2024年に政権を奪還した労働党のスターマー首相が、ようやくこの「暫定」に終止符を打った。法案は上院で155回もの修正審議を経て、最終的に可決された。自分たちの議席をなくす法案に対して投票するという、民主主義の皮肉がそこにはあった。

「じゃあ、イギリスの民主主義は進んだんだね」と思うかもしれない。話はそう単純ではない。

上院にはまだ約800人の「一代貴族」が残っている。一代貴族とは、首相の推薦で任命される終身の議員だ。選挙で選ばれるわけではなく、時の政権の都合で増やせる。つまり、世襲貴族を追い出しても、「任命制の議院」という根本的な構造は変わらない。NPRの報道では、今回の改革は「始まりの終わり」ではなく「終わりの始まり」だと評されている。

日本の参議院と比べてみると、面白い構図が見えてくる。

日本の参議院も「衆議院のカーボンコピー」と揶揄され、存在意義が問われ続けている。イギリスの貴族院改革は、二院制の「第二院をどうするか」という普遍的な問いに対する一つの回答だ。ただし、イギリスの場合は「血統による権力の継承を断ち切る」という、より根源的な問題に踏み込んでいる。

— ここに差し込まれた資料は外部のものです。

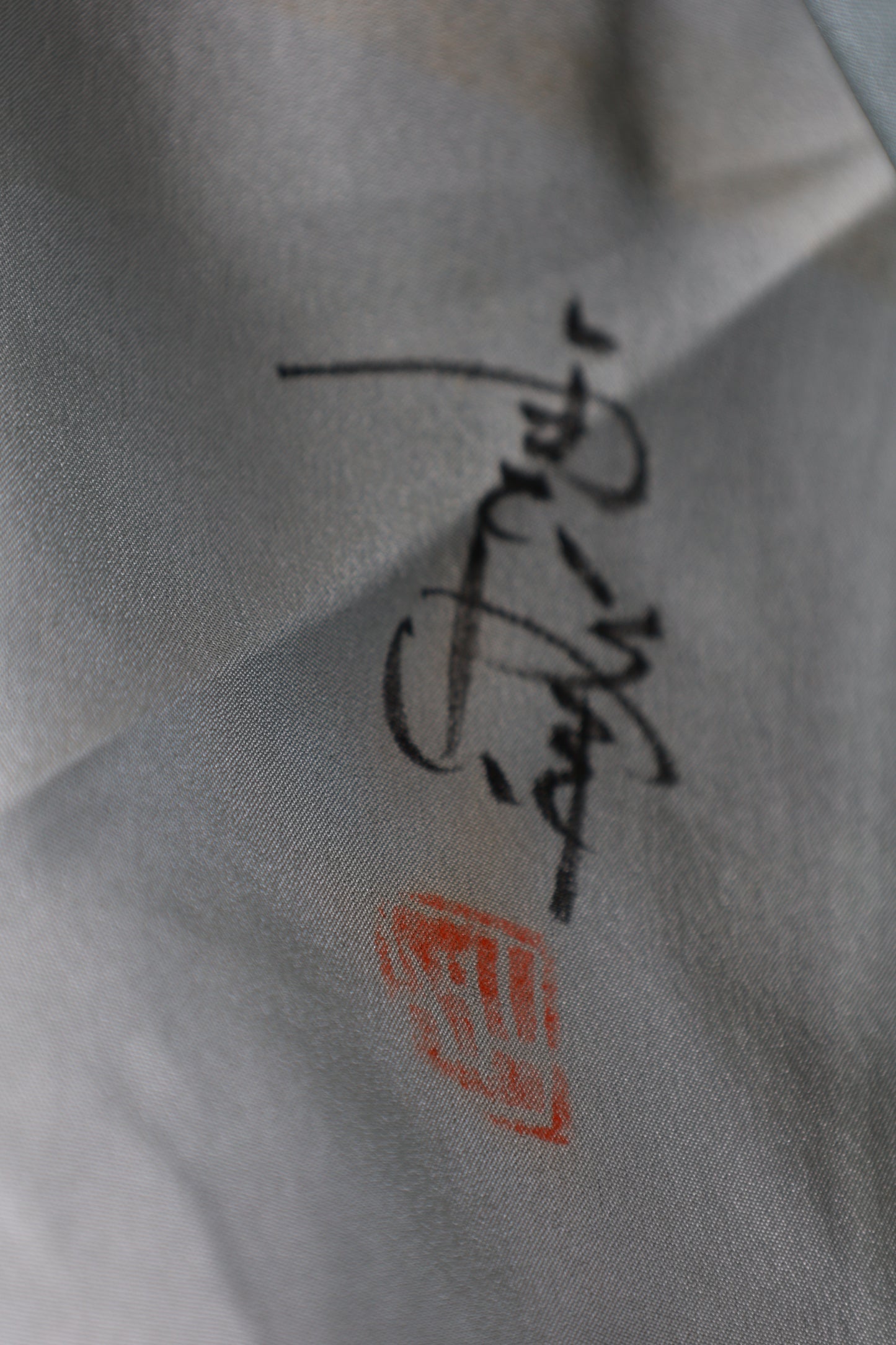 Men's used Kimono ensemble, dark green, silk floss, handwoven, J40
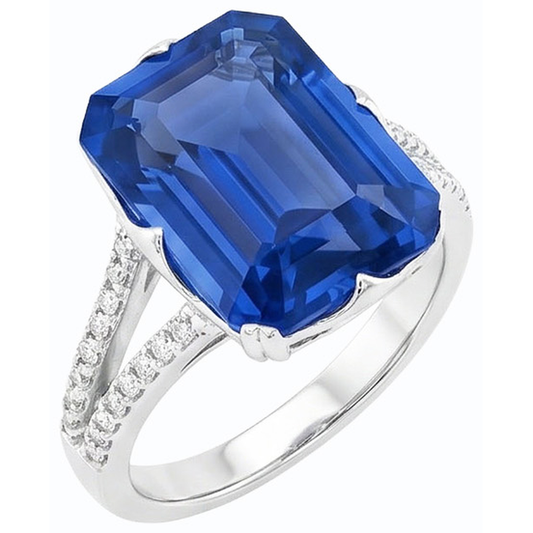 Bague en pierres précieuses saphir bleu émeraude tige fendue 5.50 carats bijoux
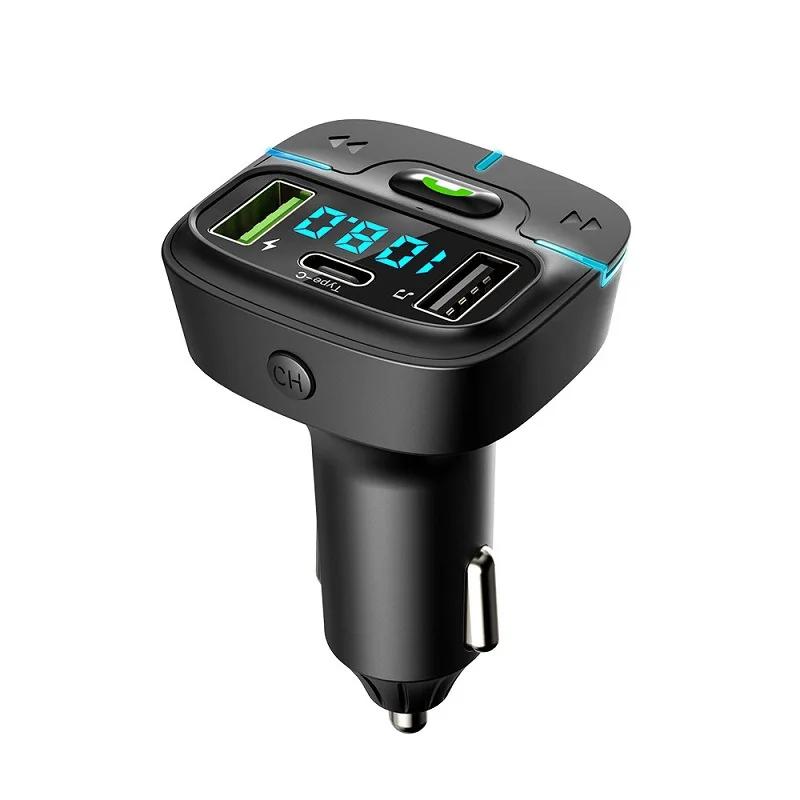Car Bluetooth-compatib5.3 FM Transmitter Wireless Audio Receiver Car MP3 Player PD Fast Charger Ambient Light Muti-point Charger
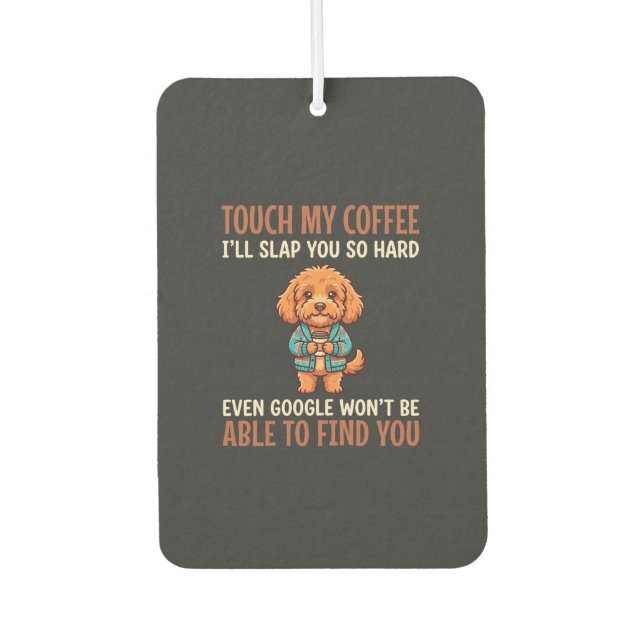 Funny Cockapoo Coffee Lover Car Air Freshener (Front)
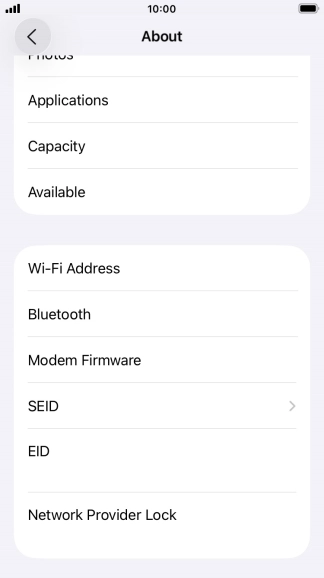 The Network Provider Lock status is displayed next to Network Provider Lock.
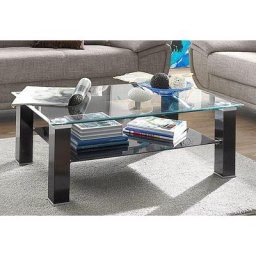 PRO Line Couchtisch, mit Glasplatte, Glasboden, Gestell aus Holz, rechteckig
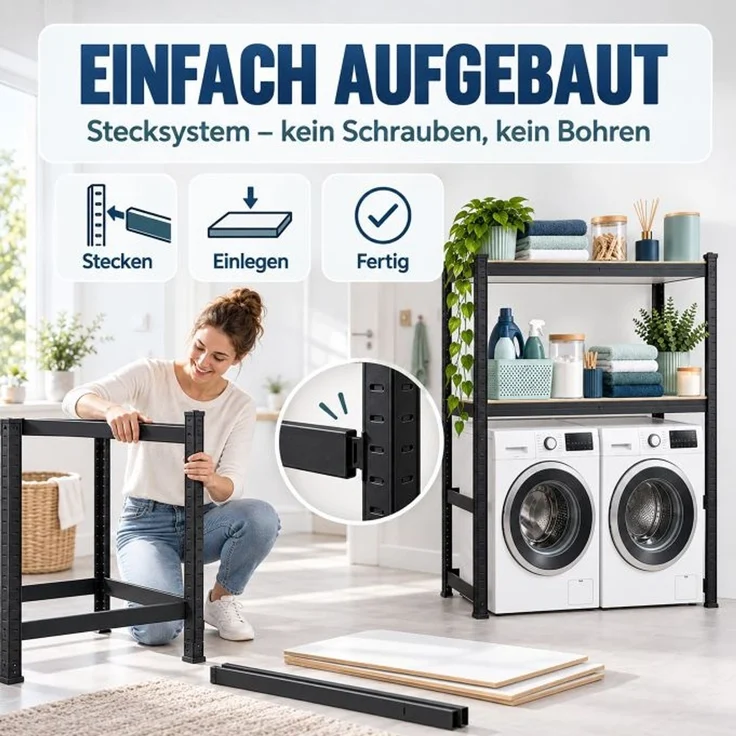 Relaxdays Schwarzes Waschmaschinenregal Schwerlast – Bild 3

今回の法律で興味深いのは、例外が設けられた点だ。紋章院総裁(Earl Marshal)と式部長官(Lord Great Chamberlain)の2つの役職は、儀式上の役割として存続する。戴冠式や国会開会式などで必要な「伝統の管理人」は残した。実権は奪うが、文化は壊さない。このバランス感覚は、いかにもイギリスらしい。

700年という時間の重みを、数字で考えてみたい。

世襲貴族が議会に関わるようになったのは14世紀、エドワード3世の時代まで遡る。日本でいえば室町時代だ。足利尊氏が征夷大将軍になった頃から続いてきた制度が、一つの法案で終わった。歴史の転換点は、案外あっけないものだ。

今後の焦点は、上院の「次の形」だ。

スターマー政権は今後、上院の規模縮小や定年制の導入など、さらなる改革を進める方針を示している。一部では選挙制の導入も議論されているが、「選挙制にすると下院と機能が重複する」という反論も根強い。二院制の理想形は、どの国もまだ見つけられていない。

今回の改革を一言でまとめるなら、「遅すぎた一歩だが、確実な一歩」だろう。民主主義は、生まれではなく選択によって成り立つ。その原則がようやく、議会の母国で貫かれた。